The blue flower of the title is
mentioned in the first paragraph of a prose piece Fritz (Friedrich) von
Hardenberg (who later called himself Novalis) reads to important women in his
life. He reads it to his betrothed
Sophie, who at twelve Fritz, and no one else, thinks looks like a self-portrait
of Raphael at twenty-five. He reads it to Sophie’s sister, the capable and very
down-to-earth Mandelsloh, and finally he reads it to Karoline Just, the
daughter of the man Fritz is apprenticed to as tax-collector’s clerk. Of these
Karoline, who loves Fritz and thinks he’s wasting himself on Sophie, comes
closest to understanding the blue flower, which later becomes the symbol for
the unattainable among the early Romantics in Germany.
Fritz, even before he is influenced
by the philosopher Fichte or meets Friedrich Schlegel, is an idealist; “there
is no real barrier between the seen and the unseen,” his friends say of him.
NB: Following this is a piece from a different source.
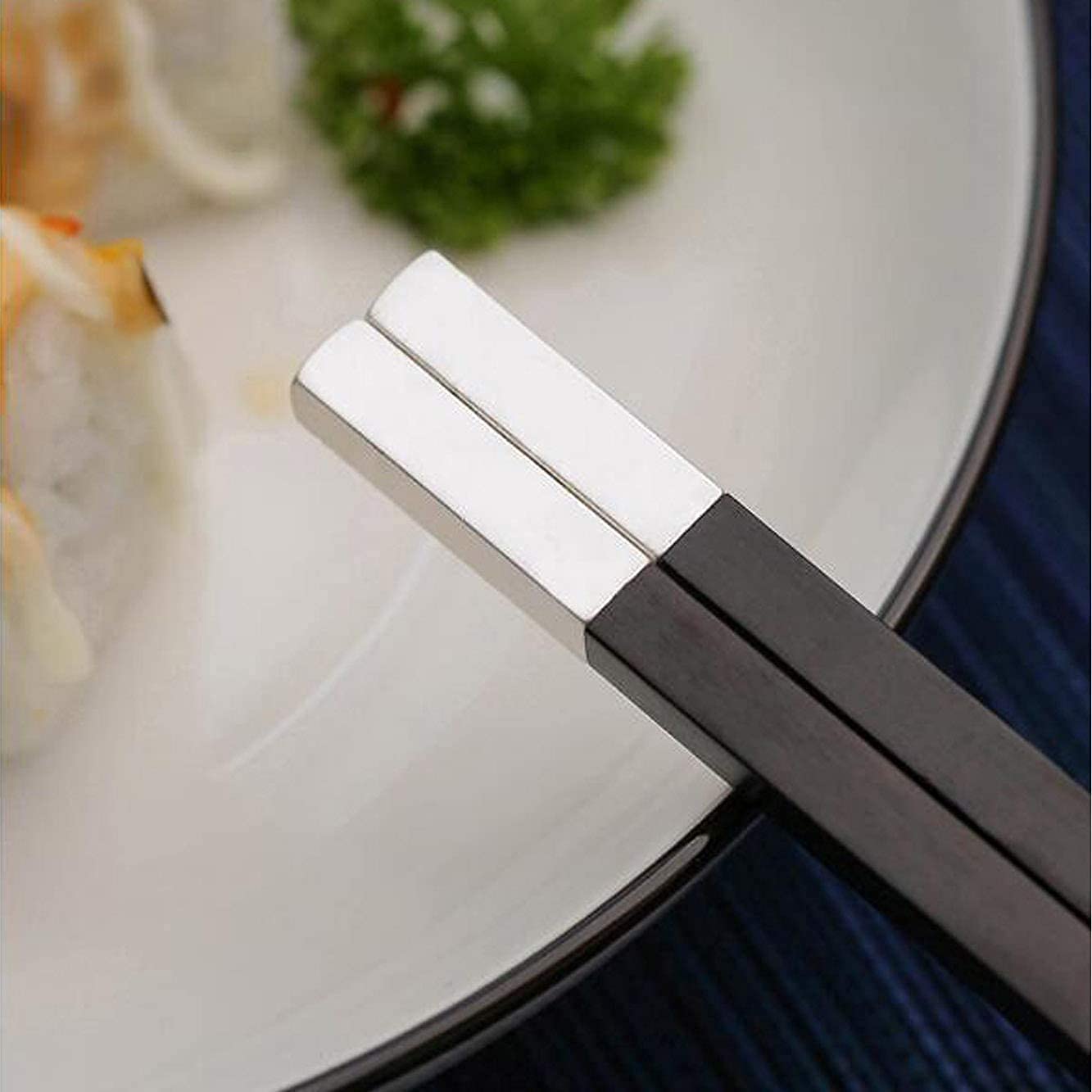 Baguettes japonaises réutilisables Baguettes en métal 10 Paires Baguettes réutilisables Coffret Cadeau, Baguettes Chinoises en Bois Naturel avec tête en métal Boîte Faite à la Main(B-25Cm)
“The whole of existence dissolves itself into a myth.” But he lives among those
who are anything but idealists. When he complains to Karoline’s father that
copy clerks ought not to exist, Just says “a revolution would not remove them;
you will find that there were copy clerks at the foot of the guillotine.”
Fritz fails to see that Sophie isn’t
even as clever as her sister, the Mandelsloh, who says memorably “We who are
dull accept that intelligent people should run the world and the rest of us
should work six days a week to keep them going, if only it turns out that they
know what they’re doing.” Fritz doesn’t, really; he has, in addition to his
idealism about the world, an idealism about what one can do in it that
resembles Thoreau’s “go confidently in the direction of your dreams . . . .”
“Courage,” says Fritz, “is the power to create your own life . . . so that
every day and every night is what you imagine it.” Even Fritz thinks Sophie is
presumptuous for not being a believer in God, and when she says perhaps a
miracle might make him one, he chides her: “Miracles don’t make people believe!
It’s the belief that is the miracle.” Wasn’t that Hume?